I just think that the civil union battle has nothing to do with SSM. It was a lost cause from the very beginning. If you look at the polls now, most people are already OK with civil unions (even though I bet not many folks actually know where they would draw the line between civil union benefits and marriage benefits). Even if we accept Bush’s recent comments at face value, he’s a **follower **on the civil unions issue, not a leader.
Once the pendulum swings to a certain point, there will be no going back. Those opposed to letting gays marry will become more and more marginalized. Just like segregationists eventually became marginalized in the South once they lost their stronghold. I believe there will come a point within my lifetime they will be regarded just the same as racists are now.

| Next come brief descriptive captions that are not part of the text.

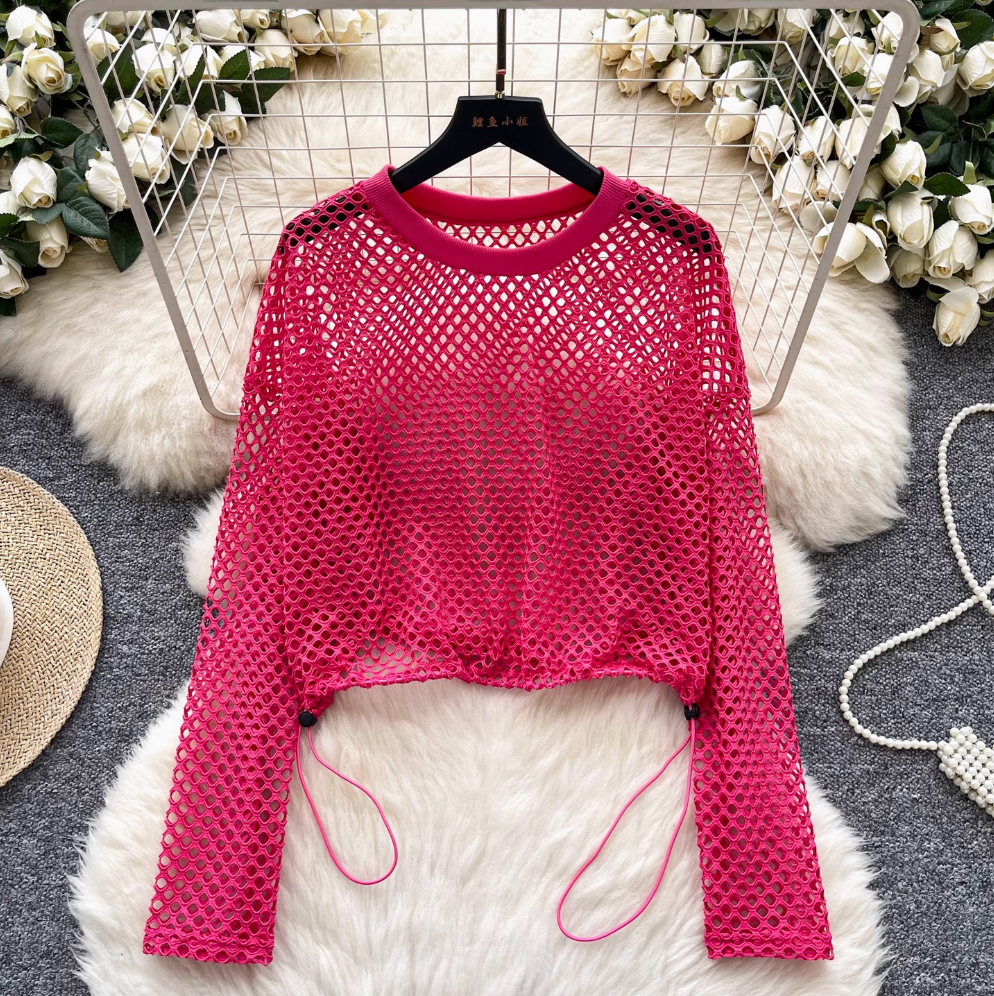 Niche Hollowed Net Drawstring Top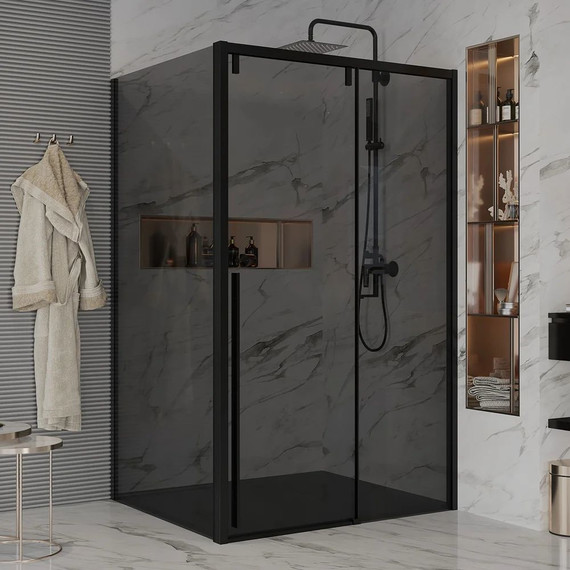 Душевое ограждение Ambassador Intense 120x100 см 110022201IBB-100IBB (стекло 8 мм) чёрный/тонированное - фото 
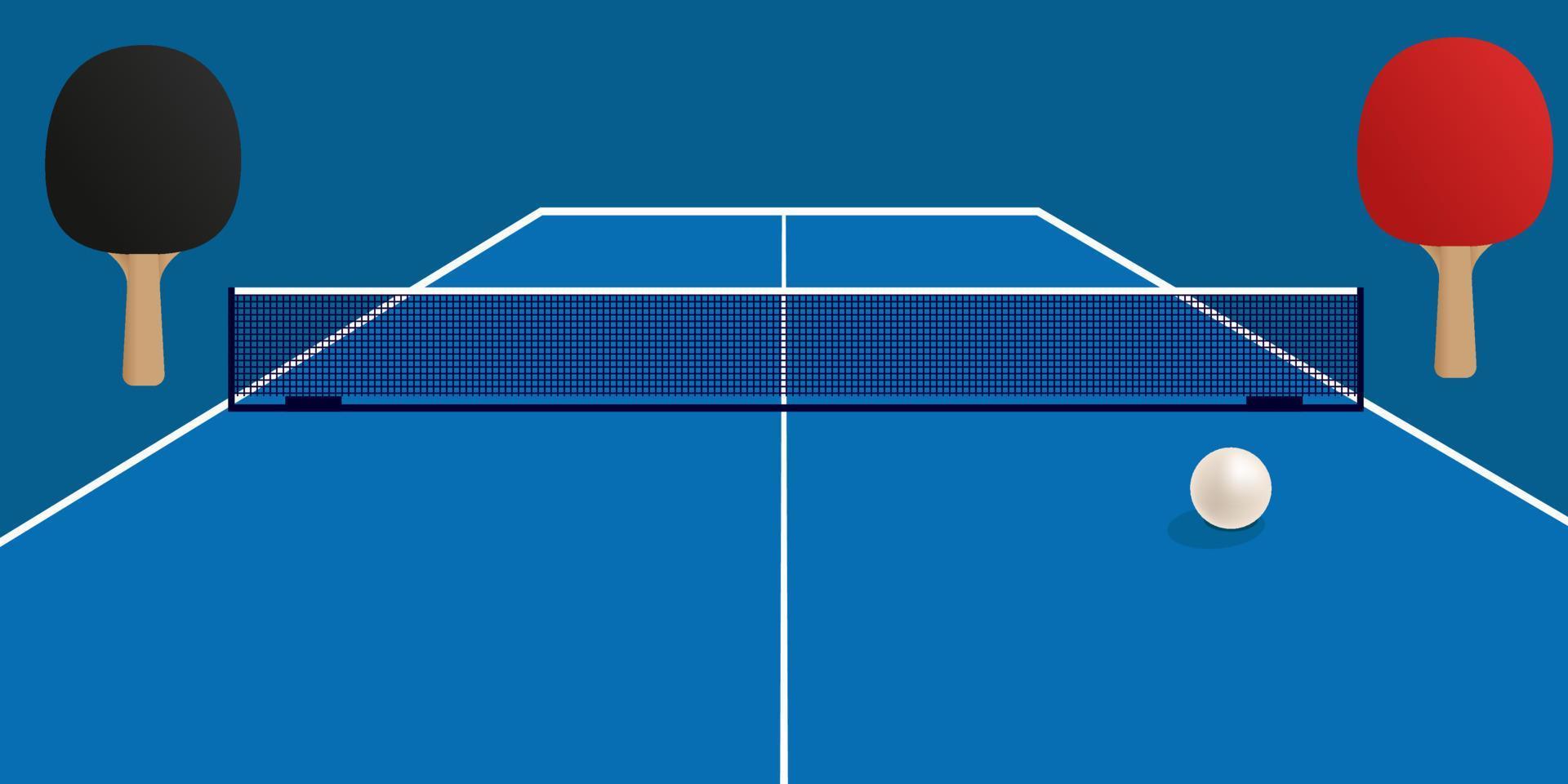 Template for poster, card, or ticket. Racket for table tennis and ball. Vector illustration.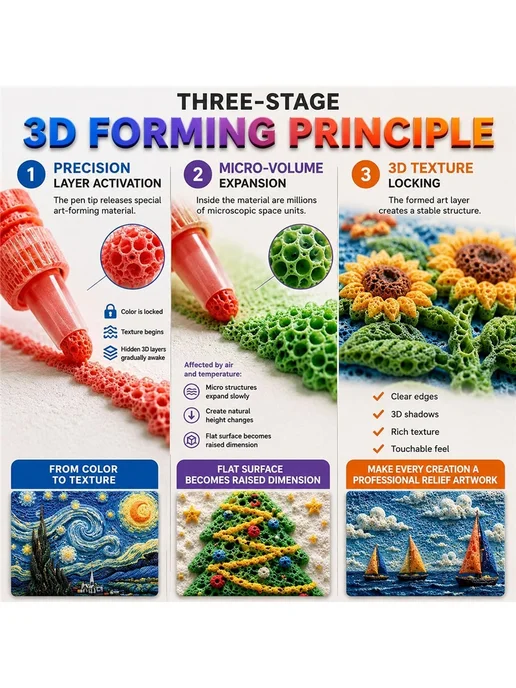 Набор для рисования 3D Puffy от Magic Popcorns Pens, вариант, фото 2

I agree. It’s just a question of how long it’s going to take for the pendulum to swing. What’s interesting is that we’ve had SSM in MA for 5 months now, and it’s just no big deal. Yet there are, IIRC, 12 states with SSM amendment issues or laws on the ballot next month. We’ll see how many of those pass, but the odds are most if not all will. I expect it will be a very, very long time before we see SSM legal in all 50 states even if we see it legal in most states within the next 20 years.
Ok. The last point point I just had to do anyway because I love convolution.
But that’s the problem: yes, it’s a losing cause, and that losing cause makes anti-SSM a loser as well. They know they’re on the ropes. But many social conservatives figured that by using the public distaste for SSM, they could effectively stop the progress of civil unions, tying them together. With a national leader like Bush backing that confusion, they might have been able to really make civil unions difficult. The FMA amendment would first fail, and then as a “compromise” they could get some of what they needed to block civil unions from functioning under the guise of legislating against gay marriage. But Bush has undercut that connection.
Which again, is sort of my point: the anti-civil unions people HAVE no national leader. They thought they might. They thought they had hope. And it was dashed. They are hopping mad about it too. Even if Bush quietly was for civil unions all along, at least he had, from their perspective, the good sense not to spell it out while they tried to mix anti-Civil Union law with anti-SSM law. But they just got knifed in the back, big time.
Actually, Bush has endorsed same-sex civil unions for at least two years now. This is not a flip-flop; this is just articulating the part of his position that is always drowned out by people focusing on his “No gay marriage!” position.
You may be reading too much into his qualifiers surrounding his anti-gay-marriage amendment proposal that the states should be allowed to create other institutions. That falls well short of endorsing them.
Unless you maybe have one of them “cite” thingies handy, John?
A cite for what? I specifically said that Bush’s stance on this issue is irrelevant as he’s not leading the cause. I never said anything about what he endorsed or didn’t endorse. People who are anti-SSM don’t need Bush to tell them to hold that stance. anti-SSM has been the norm in the US before Bush entered the political arena, and it will most likely be the norm after he leaves.